The condition that $a_{i,r}>0$ whenever $a_{j,r}>0$ is satisfied as soon as $j\in\operatorname{an}(i)$ : indeed, in that case, we have $\operatorname{an}(j)\cup\{j\}\subset\operatorname{an}(i)$ , so that $b_{rj}>0$ implies $r\in\operatorname{an}(j)\cup\{j\}$ and thus $r\in\operatorname{an}(i)$ , implying $b_{ri}>0$ . Through the structural equation model (27), a large value appearing at a node $j$ will also be felt at any of its descendants $i$ . We get $\operatorname{\mathbb{P}}(\Theta_{j,i}>0)=1$ for $j\in\operatorname{an}(i)$ , which, by Corollary 3.4, means that the root-change formula (21) applies, by which the law of $\Theta_{j}$ can be recovered from the one of $\Theta_{i}$ . Moreover, Theorem 3.8 applies with $K$ equal to the set of leaf nodes, i.e., the nodes without descendants.

In the special case that the directed acyclic graph is also a directed, rooted tree, every node $i$ has either exactly one parent or is equal to the root node, say $u$ . In that case, the collection of paths $P_{ji}$ between $j\in\operatorname{an}(i)$ and $i\in\{1,\ldots,d\}\setminus\{u\}$ is a singleton, $p=[{j}\rightsquigarrow{i}]$ , and the formula for $b_{ji}$ in (28) simplifies to $b_{ji}=\gamma_{jj}\prod_{e\in[{j}\rightsquigarrow{i}]}\gamma_{e}$ . Furthermore, the tail tree $\Theta_{u}$ in (26) starting from the root node $u$ simplifies to the degenerate distribution at the point $\theta_{u}=(\theta_{u,1},\ldots,\theta_{u,d})$ with coordinates $\theta_{u,j}=\prod_{e\in[{u}\rightsquigarrow{j}]}\gamma_{e}\in(0,\infty)$ for $j\in\{1,\ldots,d\}$ . This is of the form in (7) with degenerate increments $M_{e}=\gamma_{e}$ for all $e\in E$ .

4 Regularly varying Markov trees

As in Section 2, let $(X,\mathcal{T})$ be a nonnegative Markov tree on the undirected tree $\mathcal{T}=(V,E)$ . The general theory in Section 3 sheds light on the relation between two tail trees emanating at different roots.
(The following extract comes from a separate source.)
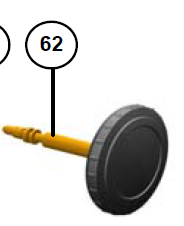 Steam Knob with Stem for Illy X1 - A000390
For two different nodes $u$ and $\bar{u}$ in $V$ , the sets of directed edges $E_{u}$ and $E_{\bar{u}}$ are the same except for the edges connecting nodes on the path between $u$ and $\bar{u}$ , which are directed in opposite ways in the two edge sets: For every $(a,b)\in[{u}\rightsquigarrow{\bar{u}}]=E_{u}\setminus E_{\bar{u}}$ , we have $(b,a)\in[{\bar{u}}\rightsquigarrow{u}]=E_{\bar{u}}\setminus E_{u}$ and the other way around.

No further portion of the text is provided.